11. 何の研究をしているんですか?という質問に対する答えは.種xです とか,xとyの相互作用についてです とかではない
自問したとき,人から聞かれたとき,取り組みたい大きな課題を明確に述べられるようにしておくべきだ.
12. 「まだよくわかっていないから」は研究プロジェクトを立ち上げる理由として不十分
よくわかっていないこと はほぼ無限に存在する.この宇宙に満ち満ちたよくわかっていない現象のうちから,研究対象としてひとつを選ぶ明確な理由がなければならない.
13. アイデアや結果をプレゼンすることに取り組む
この先の人生で,コンセプトや仮説や結果を他者に説明する機会は多くあるはずだ.プレゼン能力は一朝一夕には身につかないから,研究セミナーや授業や会合で,要点を伝える経験を積み,学ぶ必要がある.退屈でうんざりするプレゼンを,これまでにどれだけ聞かされてきて,あなたの時間がどれだけ無駄にされたか,考えてみるといい.同じことは,プレゼンをする立場になったときにも言える.
得られる経験はすべて得て,失敗からは学ぶこと.他の人がどのようにセミナーや授業をしているか注意深く観察して,良いテクニックを真似すること.良いプレゼンの構造は,良い論文の構造とはまったく異なる.プレゼンの目的は,ただ情報を伝えることだけではなく,論文ではできないような幅広い文脈の中にそれらの情報を配置して示すことであるべきだ.際限なく続く図表をただ説明していくのは,もっとも退屈なプレゼンである.聴衆が聞きたいと思っているのは,広い文脈においてその結果が意味することと,それが注目に値すると考えられた理由だ.
最後に,原稿を読むのはやめること.Daniel Janzen (1980) がかつて書いたように,「聴衆の誰よりもそのことをよく知っているあなたが,30分のあいだも覚えていられないことをプレゼンしようとしているなら,聴衆がそれを30分間以上も覚えていることをどうして期待できようか?」.
14. サイエンスは社会的な活動だということを忘れない
すすんで他者に助けを求め,同時に協力を惜しまない限り,科学者として大きな進歩は望めない.サイエンスにおける主要な問いに答えをだすには,ひとりの研究者が生涯で獲得できる以上の専門的なアイデアや技術が必要となる.ダーウィンの書簡のコレクションを見てみると,彼は,常に同僚に協力と情報を求め,求められたときにはそれらを提供していたことがわかるだろう.
15. 他の研究者・講演者をどう紹介するか学ぶ
同僚を他の同僚に紹介する機会はしばしばあるだろう.会話できる共通の話題を,彼らがいち早くみつけられるよう,同僚をそれぞれ端的に紹介する術を学ぶこと.
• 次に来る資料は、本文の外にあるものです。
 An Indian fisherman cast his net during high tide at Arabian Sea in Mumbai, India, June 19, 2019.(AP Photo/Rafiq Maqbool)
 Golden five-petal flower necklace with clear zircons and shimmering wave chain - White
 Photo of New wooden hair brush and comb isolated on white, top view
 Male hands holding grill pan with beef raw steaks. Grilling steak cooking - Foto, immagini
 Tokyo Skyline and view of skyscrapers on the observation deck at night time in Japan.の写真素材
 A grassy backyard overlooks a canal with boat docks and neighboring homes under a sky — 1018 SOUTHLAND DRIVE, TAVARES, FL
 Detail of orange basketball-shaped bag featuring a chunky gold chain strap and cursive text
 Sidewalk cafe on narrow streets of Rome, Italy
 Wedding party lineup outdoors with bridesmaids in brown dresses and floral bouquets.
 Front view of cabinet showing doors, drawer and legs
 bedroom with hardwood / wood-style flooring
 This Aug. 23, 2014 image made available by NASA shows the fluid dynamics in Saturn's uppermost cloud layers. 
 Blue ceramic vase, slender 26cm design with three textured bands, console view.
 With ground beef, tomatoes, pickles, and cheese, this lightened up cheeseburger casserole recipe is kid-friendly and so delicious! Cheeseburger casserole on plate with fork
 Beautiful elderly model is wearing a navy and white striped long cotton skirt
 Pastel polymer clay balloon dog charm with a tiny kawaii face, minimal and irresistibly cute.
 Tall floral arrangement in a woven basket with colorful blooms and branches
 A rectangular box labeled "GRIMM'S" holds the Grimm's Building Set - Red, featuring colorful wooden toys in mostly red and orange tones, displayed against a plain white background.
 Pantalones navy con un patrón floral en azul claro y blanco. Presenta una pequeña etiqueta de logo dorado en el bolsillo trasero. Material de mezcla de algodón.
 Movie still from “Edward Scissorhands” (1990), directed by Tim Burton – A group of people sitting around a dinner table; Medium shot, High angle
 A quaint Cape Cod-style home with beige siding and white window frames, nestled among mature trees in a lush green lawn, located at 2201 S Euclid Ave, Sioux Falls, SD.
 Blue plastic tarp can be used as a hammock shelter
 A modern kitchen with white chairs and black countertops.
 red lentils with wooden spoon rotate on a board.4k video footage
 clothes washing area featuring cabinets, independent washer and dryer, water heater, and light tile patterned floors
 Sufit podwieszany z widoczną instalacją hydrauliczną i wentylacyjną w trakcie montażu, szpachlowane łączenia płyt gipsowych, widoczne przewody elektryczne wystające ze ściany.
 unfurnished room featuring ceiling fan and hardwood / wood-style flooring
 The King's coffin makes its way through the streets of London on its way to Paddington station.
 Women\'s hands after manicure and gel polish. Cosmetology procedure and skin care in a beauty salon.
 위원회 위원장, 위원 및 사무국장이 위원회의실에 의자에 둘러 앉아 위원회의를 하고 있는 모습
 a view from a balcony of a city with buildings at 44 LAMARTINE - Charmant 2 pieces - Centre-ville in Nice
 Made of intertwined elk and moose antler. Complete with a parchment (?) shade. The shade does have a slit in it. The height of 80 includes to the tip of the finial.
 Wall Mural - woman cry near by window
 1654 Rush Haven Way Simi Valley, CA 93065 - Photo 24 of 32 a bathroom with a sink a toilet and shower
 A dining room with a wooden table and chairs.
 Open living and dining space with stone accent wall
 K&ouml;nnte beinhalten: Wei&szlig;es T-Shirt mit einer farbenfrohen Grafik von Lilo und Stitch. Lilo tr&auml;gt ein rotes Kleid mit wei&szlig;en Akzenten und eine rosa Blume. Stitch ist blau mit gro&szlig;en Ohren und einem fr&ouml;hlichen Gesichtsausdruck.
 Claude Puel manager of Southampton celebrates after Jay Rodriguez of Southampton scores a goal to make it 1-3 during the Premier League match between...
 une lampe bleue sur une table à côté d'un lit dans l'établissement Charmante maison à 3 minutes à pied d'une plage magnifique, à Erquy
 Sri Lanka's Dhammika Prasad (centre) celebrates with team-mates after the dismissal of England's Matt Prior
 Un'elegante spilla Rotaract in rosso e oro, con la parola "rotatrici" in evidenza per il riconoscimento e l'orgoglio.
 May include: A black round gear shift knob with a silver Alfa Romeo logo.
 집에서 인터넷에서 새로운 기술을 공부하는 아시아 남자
他の研究者がどのような紹介をしているか注意深く学び,自分の紹介のスタイルをつくり上げる参考にすること.明確かつ手短かに,仕事や業績について語る.紹介する講演者の出身校をつらつら並べるようなことはしてはいけない.聴衆が知りたがっているのは,このトピックの話に,なぜこの講演者が適任なのかということである.
16. あなたはラボの一員である
大学院生としての最初の義務は,他のラボメンバーがしている研究を十分よく理解することである.ラボのみんなが,何をしていて,それはなぜなのかを確実に知っておくと良い.結局,彼らの興味はあなたの興味ともっとも近いだろうから,あなたはそのラボを選んだわけで.
17. 無名のジャーナルに短報を書いて時間を無駄にしないこと
主な実験,観察,モデル構築,メジャージャーナルに投稿する論文執筆に集中すること.無名のジャーナルに投稿した短報は半ダースもあるがメジャー論文がひとつもない履歴書には,人事委員会はだまされない.未発表の研究は存在しないに等しいので,論文を発表することは極めて重要だが,確実な成果を示した大きな論文をパブリッシュすることに集中すべきだ.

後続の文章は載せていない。